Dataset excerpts

* * * *

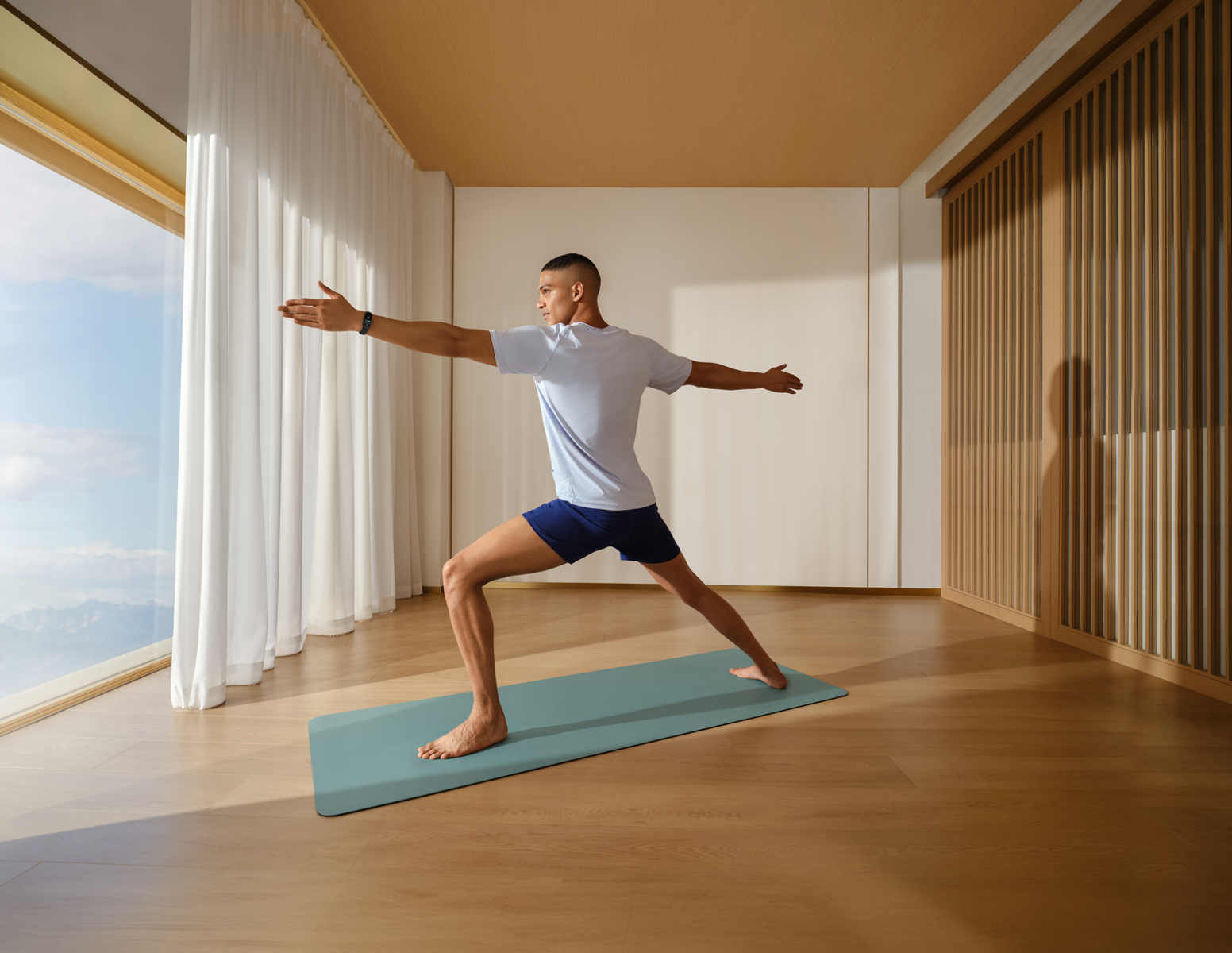 Mężczyzna w pozycji jogi na macie w jasnym pokoju. Ręce wyciągnięte, jedna noga do przodu.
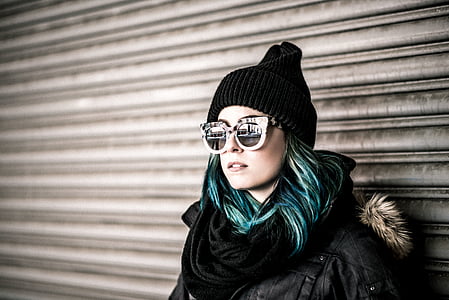 man wearing black coat, sunglasses and knit cap thumbnail
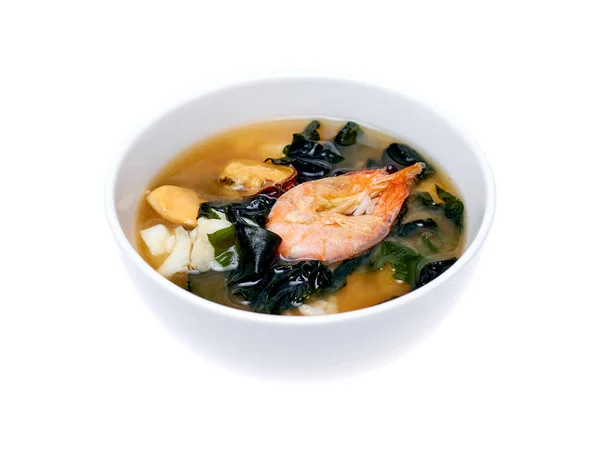 Bowl of seafood soup over white background — Stock Photo, Image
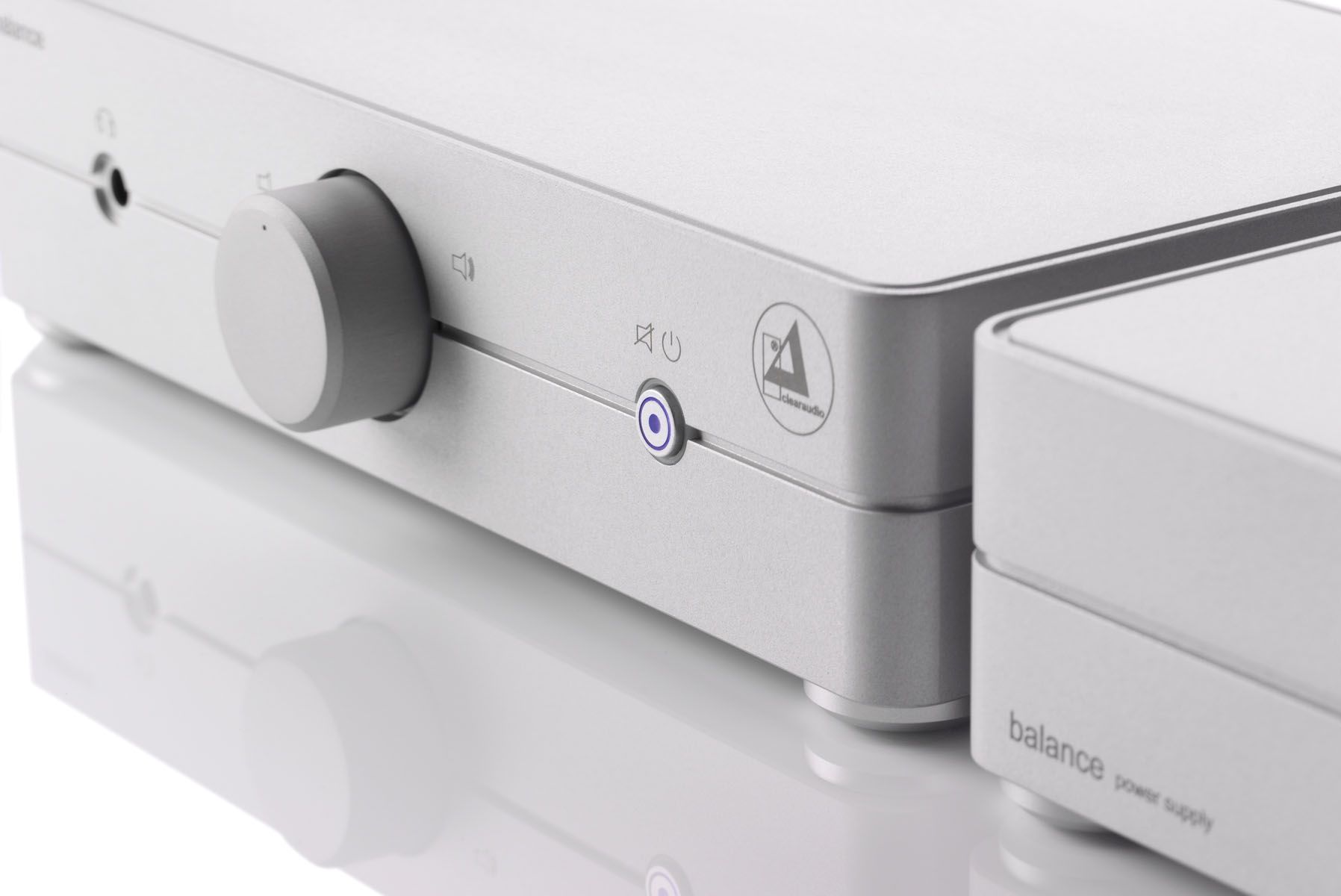 Perspektivische Nahaufnahme der silbernen Frontpartie der clearaudio balance V2 Phonovorstufe mit zentralem Drehregler, blau leuchtendem Ring-Einschaltknopf und dem danebenstehenden externen Netzteil „balance power supply“.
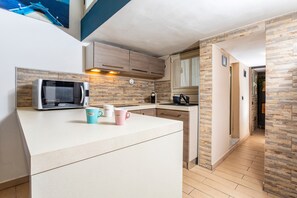 Eine moderne Küche mit Mikrowelle, Kaffeemaschine und zwei Tassen auf der Arbeitsfläche.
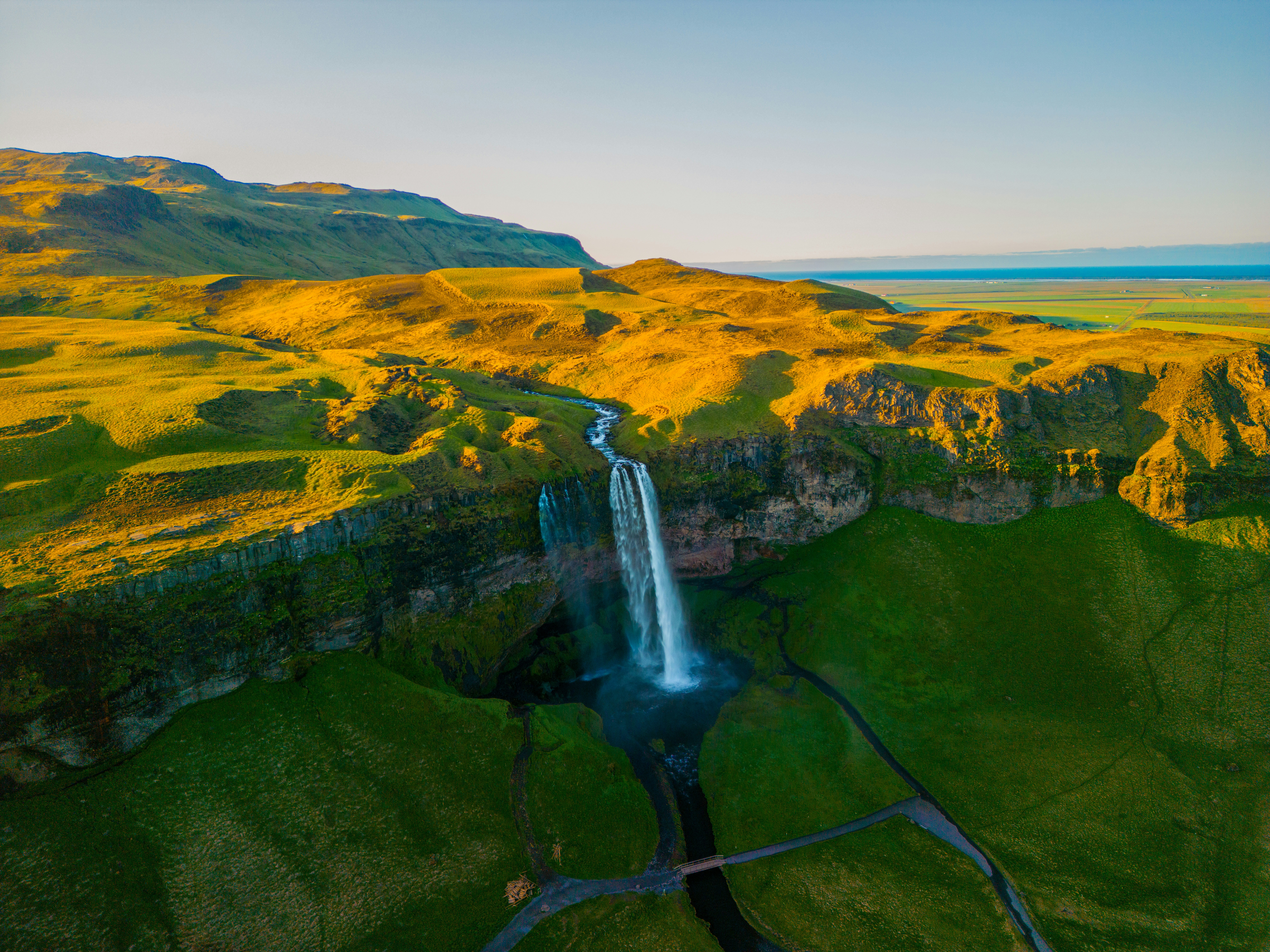 An aerial view of a waterfall in the mountains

* * * *

Exercise directions: Return every line of the records exactly as given, pictures excluded.

Exercise solution:
 Mężczyzna w pozycji jogi na macie w jasnym pokoju. Ręce wyciągnięte, jedna noga do przodu.
 man wearing black coat, sunglasses and knit cap thumbnail
 Bowl of seafood soup over white background — Stock Photo, Image
 Perspektivische Nahaufnahme der silbernen Frontpartie der clearaudio balance V2 Phonovorstufe mit zentralem Drehregler, blau leuchtendem Ring-Einschaltknopf und dem danebenstehenden externen Netzteil „balance power supply“.
 Eine moderne Küche mit Mikrowelle, Kaffeemaschine und zwei Tassen auf der Arbeitsfläche.
 An aerial view of a waterfall in the mountains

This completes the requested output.